Help is at hand for insolvency practitioners (IPs) who need clarification on the Regulator’s views on scheme trustee appointments and statutory notices. The Pensions Regulator recently released a statement intended to assist IPs to understand these two areas which are of particular relevance to them.
The statement deals with scheme trustee appointments in four areas:
- Employer insolvency: The Pensions Regulator highlights the fact that, under section 23 Pensions Act 1995, IPs have the power to appoint a trustee to a scheme but it is decided on a discretionary basis and will depend upon the scheme’s circumstances.
- IPs and trustees of an employer’s pension scheme: The statement lists some benefits to the IP, scheme members and creditors of the employer, when an IP considers the following two factors:
- exercising any employer power to appoint a new trustee
- acting as a trustee (on behalf of the insolvent employer where the employer was a trustee).
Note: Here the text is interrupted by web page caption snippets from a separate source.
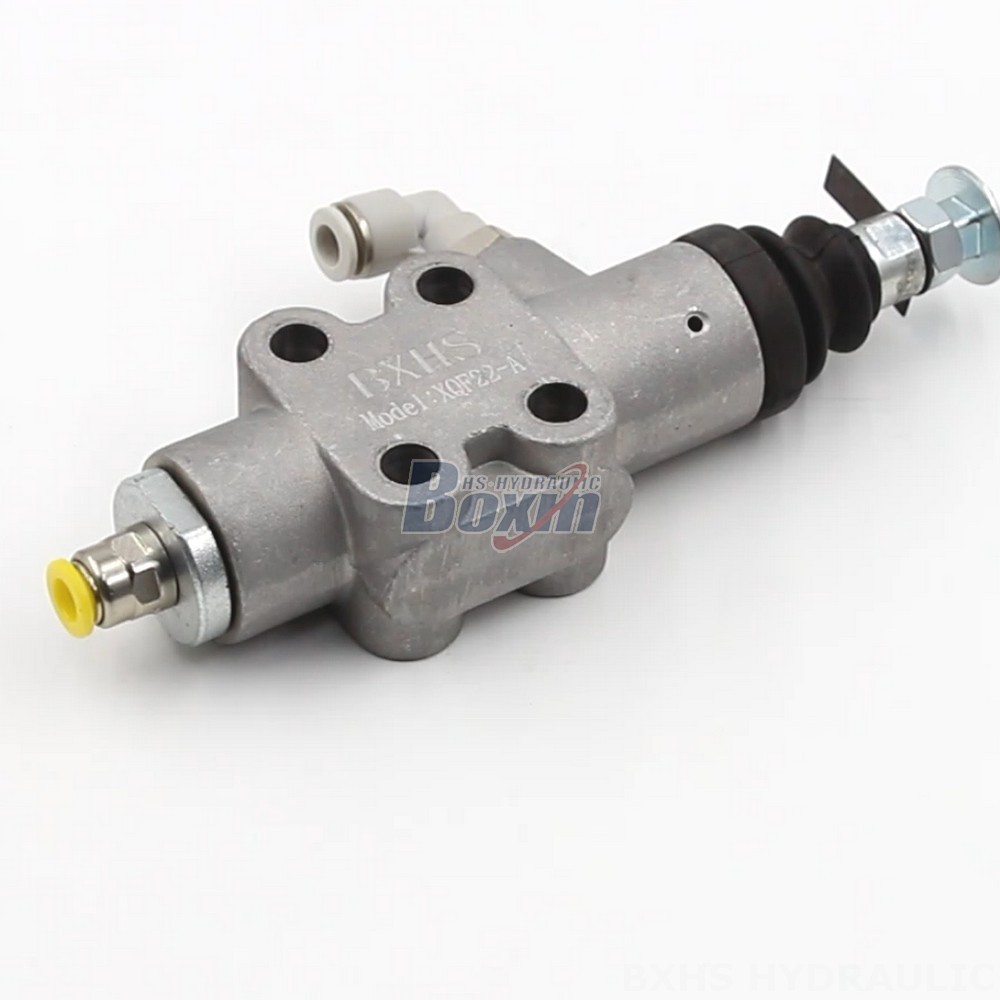 XQF22-A Pneumatic 1 Spool Monoblock Directional Valve | Supplier & Distributor Worldwide cover photo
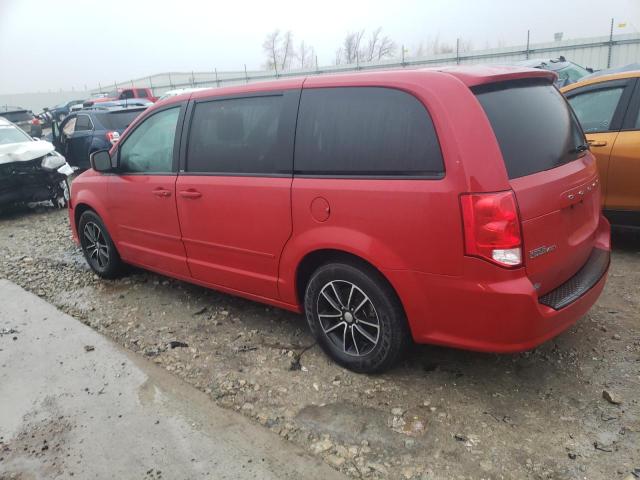 Photo 2 from auction – 2014 DODGE GRAND CARA with VIN 2C4RDGCG0ER171633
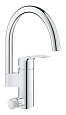 Смеситель для кухни GROHE Eurosmart (31786001) Смеситель для кухни GROHE Eurosmart (31786001)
- IP appointing a trustee: The statement provides a useful breakdown of the criteria required to satisfy an IP when appointing a trustee. A trustee must:
- be able and willing to act
- be ‘independent’ to the extent that the selected trustee has no connections with the scheme, the employer or the IP
- be capable of discharging trustee duties
- charge professional fees which are reasonable (if indeed they charge fees at all). It is suggested that, if they do charge, the IP should investigate a fixed-fee appointment.
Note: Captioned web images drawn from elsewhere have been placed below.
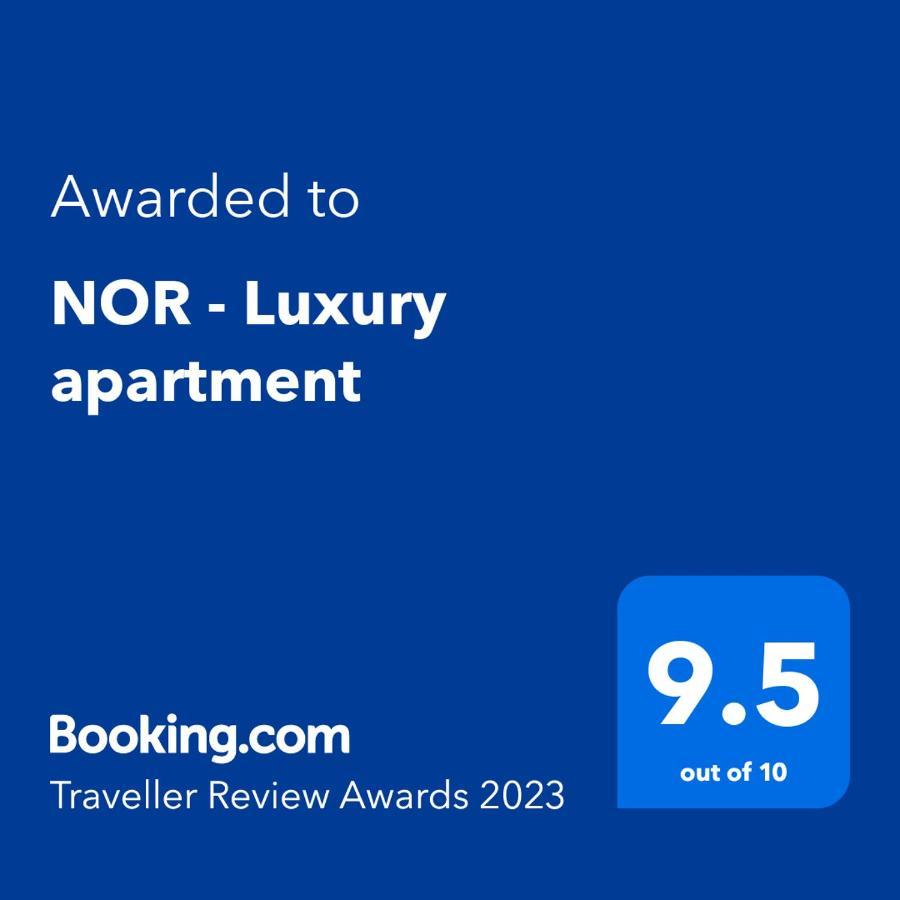 Nor - Luxury Apartment Юпітер Екстер'єр фото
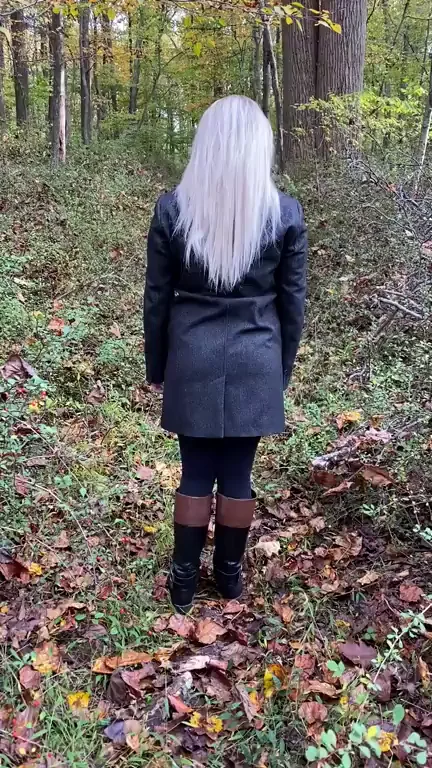 take a walk with me ? [gif]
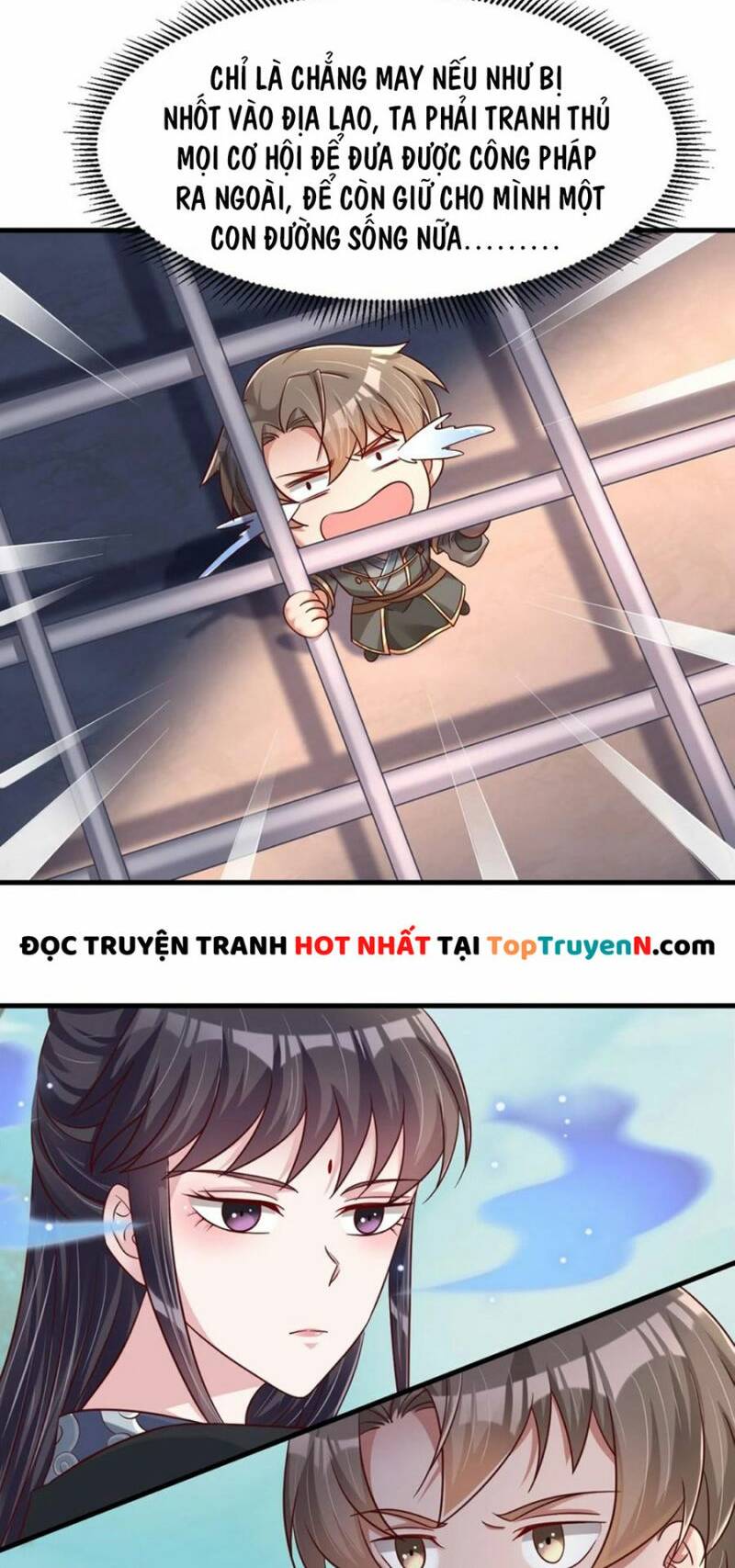 Sau Khi Max Độ Yêu Thích Chapter 115 - Trang 2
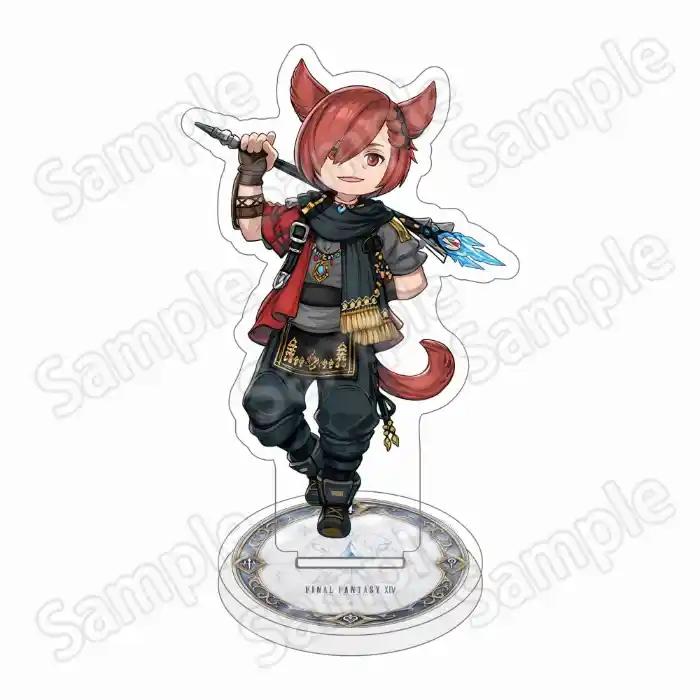 Anime Game Final Fantasy Xiv Acrylic Stand Keychain Y'shtola G'raha Tia Estinien Alisaie Custom Charm Phone Personalized, Keychain, Mô Hình Đứng Standee Anime, In 2 Mặt, Cao 6cm, Trang Trí Decor Bàn Học, Balo 6 Anime Game Final Fantasy Xiv Acrylic Stand Keychain Y'shtola G'raha Tia Estinien Alisaie Custom Charm Phone Personalized, Keychain, Mô Hình Đứng Standee Anime, In 2 Mặt, Cao 6cm, Trang Trí Decor Bàn Học, Balo - Ảnh 6
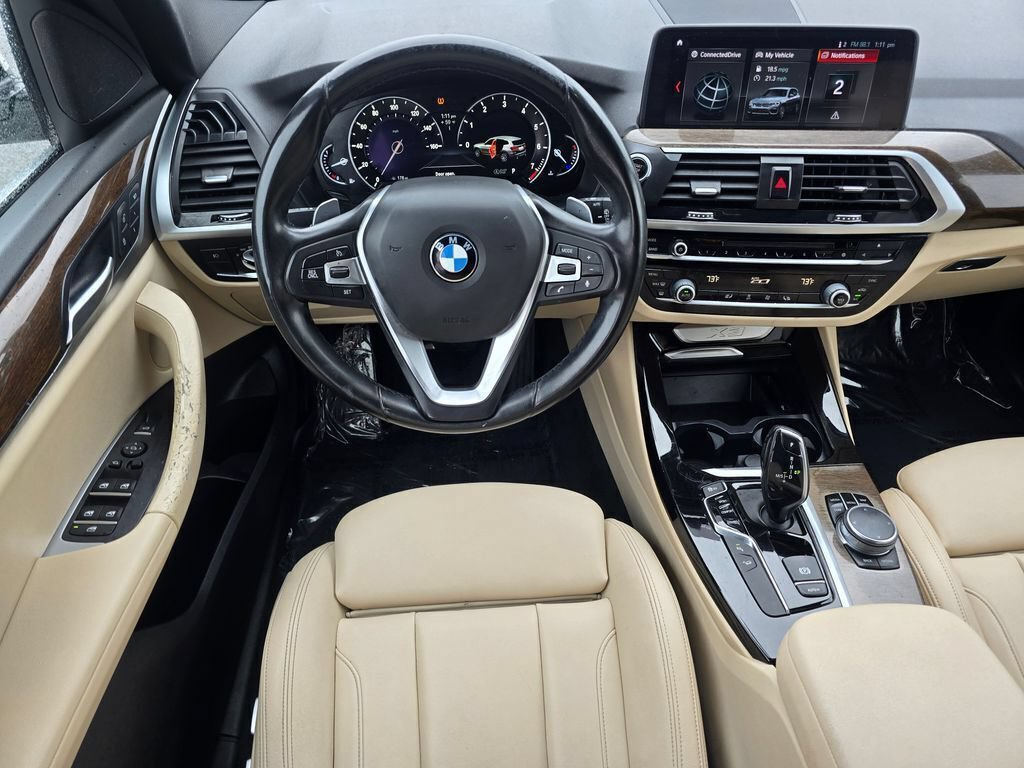 Used 2018 BMW X3 xDrive30i AWD/4WD image 2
- IP acting as trustee: The statement provides examples where, although IPs are usually capable of carrying out the employer’s trustee function, there may be reasons why it is neither practical nor appropriate to do so.
The second point covered in the statement is the statutory obligations of the IPs to notify. It clarifies the ambiguity surrounding the obligation to notify under section 22 Pensions Act 1995 which applies, for example, where an IP begins to act in relation to the scheme’s employer. It also seeks to clarify the position on the duty under section 120 Pensions Act 2004 which applies where there is an insolvency event.
In summary, the Pensions Regulator states that, although it is the case that some events could trigger both these obligations, they each apply separately and therefore both need to be complied with. The Pensions Regulator suggests that, if IPs are unclear about when the obligations apply and what is required to comply with them, they obtain legal advice.